======== The input ========

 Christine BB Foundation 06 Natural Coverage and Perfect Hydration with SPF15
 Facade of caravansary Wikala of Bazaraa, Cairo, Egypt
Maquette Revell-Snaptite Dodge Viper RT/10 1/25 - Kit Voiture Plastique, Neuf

========
======== The input ========

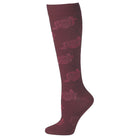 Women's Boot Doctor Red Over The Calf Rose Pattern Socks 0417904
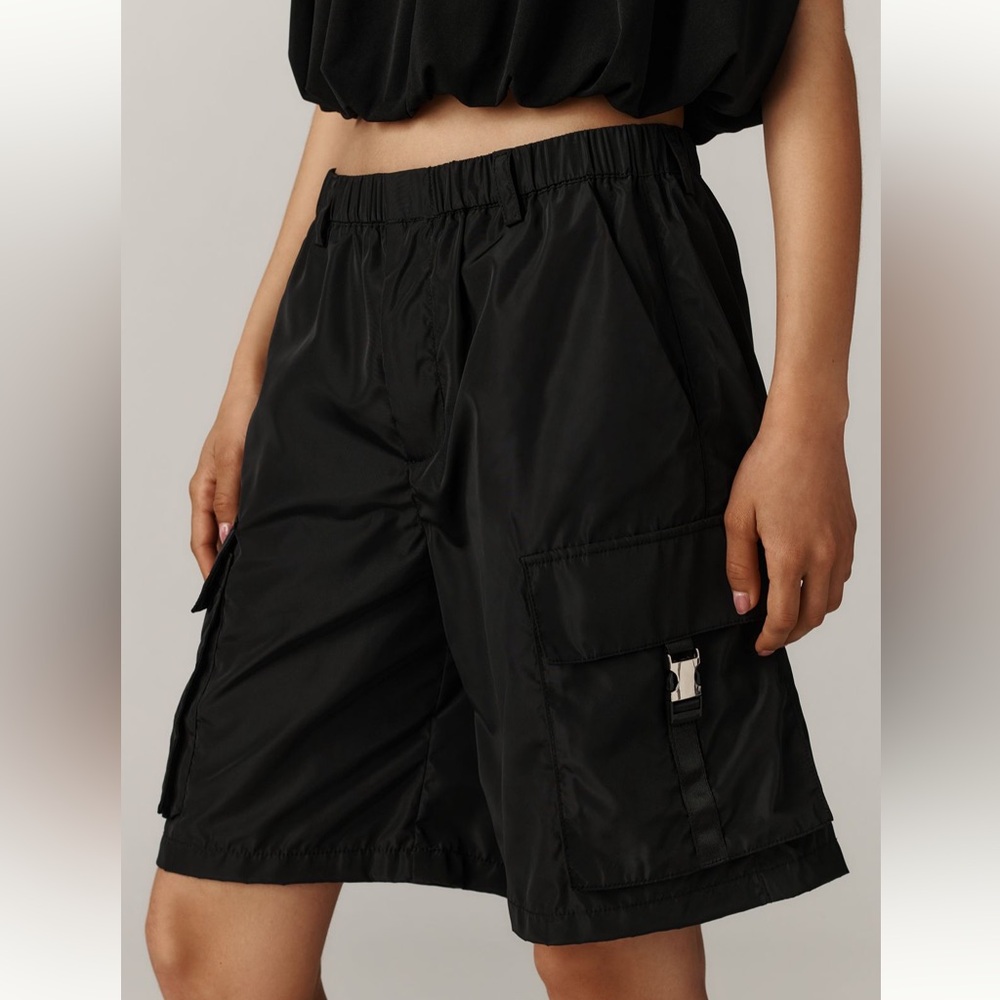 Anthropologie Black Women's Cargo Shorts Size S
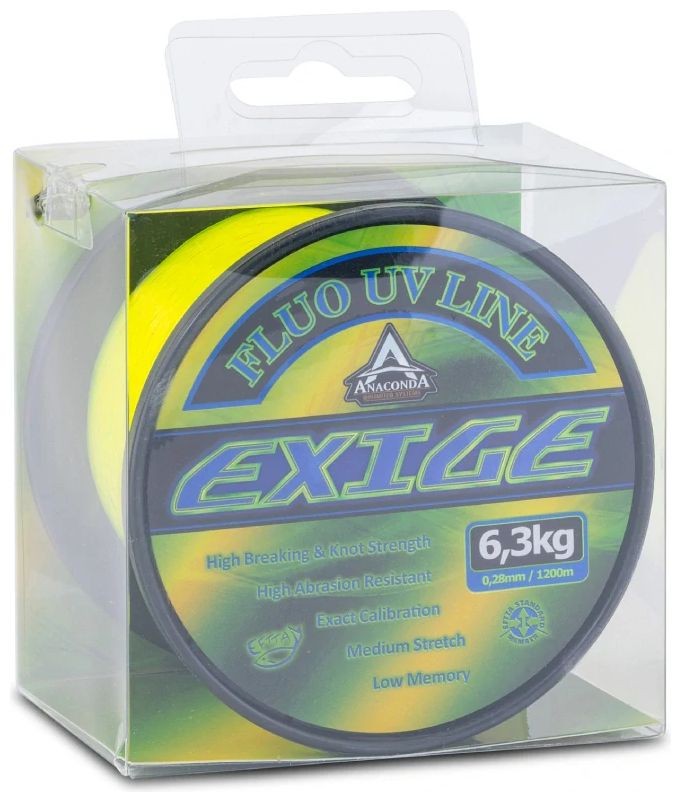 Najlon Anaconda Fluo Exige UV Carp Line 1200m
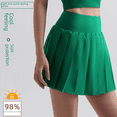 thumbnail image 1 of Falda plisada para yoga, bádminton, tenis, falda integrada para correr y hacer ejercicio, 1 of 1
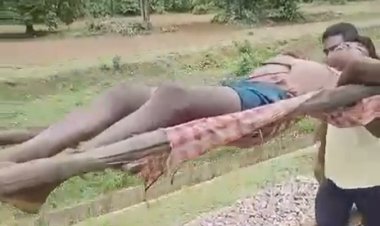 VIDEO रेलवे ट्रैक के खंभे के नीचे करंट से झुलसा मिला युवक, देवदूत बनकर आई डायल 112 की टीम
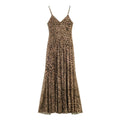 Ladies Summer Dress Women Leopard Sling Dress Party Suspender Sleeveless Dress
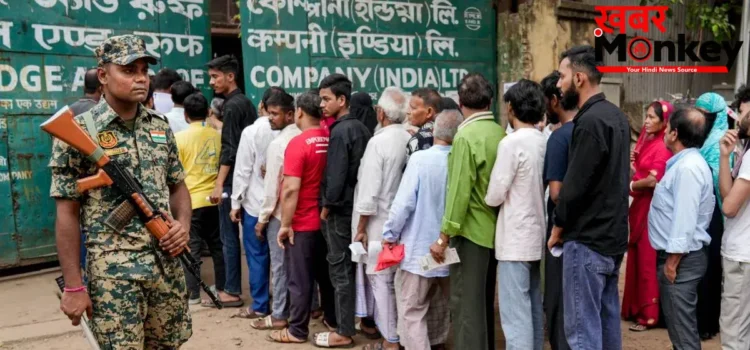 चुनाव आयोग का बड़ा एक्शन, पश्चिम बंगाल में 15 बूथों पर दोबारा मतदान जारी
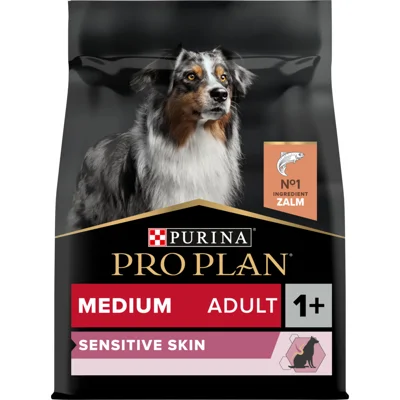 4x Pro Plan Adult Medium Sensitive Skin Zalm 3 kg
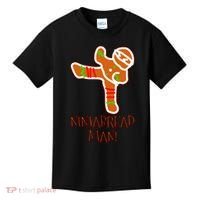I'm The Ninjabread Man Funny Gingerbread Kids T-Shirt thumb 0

========

What the task asks: From the records above, output only the lines starting at the one containing "चुनाव आयोग का" and ending at the one containing "I'm The Ninjabread", word for word. Pictures stay out.

Solution to the exercise:
 चुनाव आयोग का बड़ा एक्शन, पश्चिम बंगाल में 15 बूथों पर दोबारा मतदान जारी
 4x Pro Plan Adult Medium Sensitive Skin Zalm 3 kg
I'm The Ninjabread Man Funny Gingerbread Kids T-Shirt thumb 0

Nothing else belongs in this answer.